The sights and attractions that can be found in Magdeburg reflect the eventful past and present of the metropolis on the river Elbe. Come and visit the over 1200-year-old city for yourself and explore a fascinating location situated right at the heart of Germany.
Magdeburg Cathedral, which is dedicated to St. Maurice and St. Catherine, and the Art Museum in the Monastery of Our Lady are just two examples of some of the city’s most famous sights and attractions. We therefore strongly recommend that you pay these religious buildings a visit during your time in Magdeburg.
Magdeburg is not only home to a number of historical sights and landmarks, but also a multitude of modern attractions such as the Magdeburg Waterway Junction, which boasts the world’s longest canal bridge, and the “GREEN CITADEL OF MAGDEBURG”, a building designed by the famous artist Friedensreich Hundertwasser.
You should also be sure to pay a visit to the old market square (Alter Markt), where you can view the “Magdeburg Horseman” statue, which is believed to depict Emperor Otto the First, and the Old Town Hall.
Our website provides an excellent overview of all of the sights and attractions in Magdeburg, the capital city of the German Land of Saxony-Anhalt, that are well worth a visit.

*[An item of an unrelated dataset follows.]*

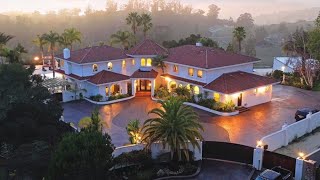 See the $2.9 million home that 'Incredible Hulk' star Lou Ferrigno bought in SLO County
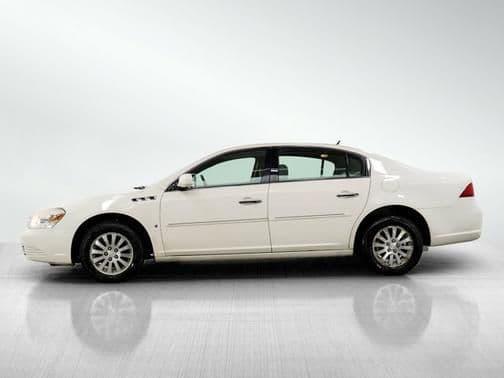2008 buick lucerne cx in hopkins, minnesota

Come and explore the City of Otto; you won't believe your eyes!
The water-saving lock Rothensee and the longest canal bridge in Europe (918 m) which spans the river Elbe, the double ship lift Hohenwarthe and the connecting canals are all part of a gigantic building project to connect the waterways of Hanover, Magdeburg and Berlin. Take advantage of a tour to the Waterway Junction to marvel at the many technical attractions.more »
The Town Hall of Magdeburg dates back to the 12th and 13th century. The oldest remains can be found in the vaults which form part of today's Ratskeller restaurant. Pelt dressers, tanners and fellmongers met here in the long hall to trade and stock their precious goods.more »
Within the old walls of the Lukasklause building, which boasts an octagonal tower that was first mentioned in the 14th century, you can view historic replicas, pictures and documents, as well as live experiments, that will give you an insight into the life and work of Otto von Guericke (1602-1686). The Guericke Centre was opened in 2010.more »
St. John's Church is Magdeburg's oldest parish church, which was first mentioned in 941. The western section of the church, which has a late Romanesque design, and the Gothic hall church have both been preserved. Traces of Martin Luther (a monument) and the Otto von Guericke family (a crypt) can be found both in front of the church and inside the building, which is now predominantly used as a venue for conferences and cultural events.more »
The Fürstenwall area dates back to the Middle Ages and contains city fortifications facing the river Elbe and the two preserved fortified towers. Built in 1725, this was the first public promenade in Germany. The neighbouring Möllenvogteigarten (German: Bailiwick Garden) is the oldest preserved garden design in the city of Magdeburg.more »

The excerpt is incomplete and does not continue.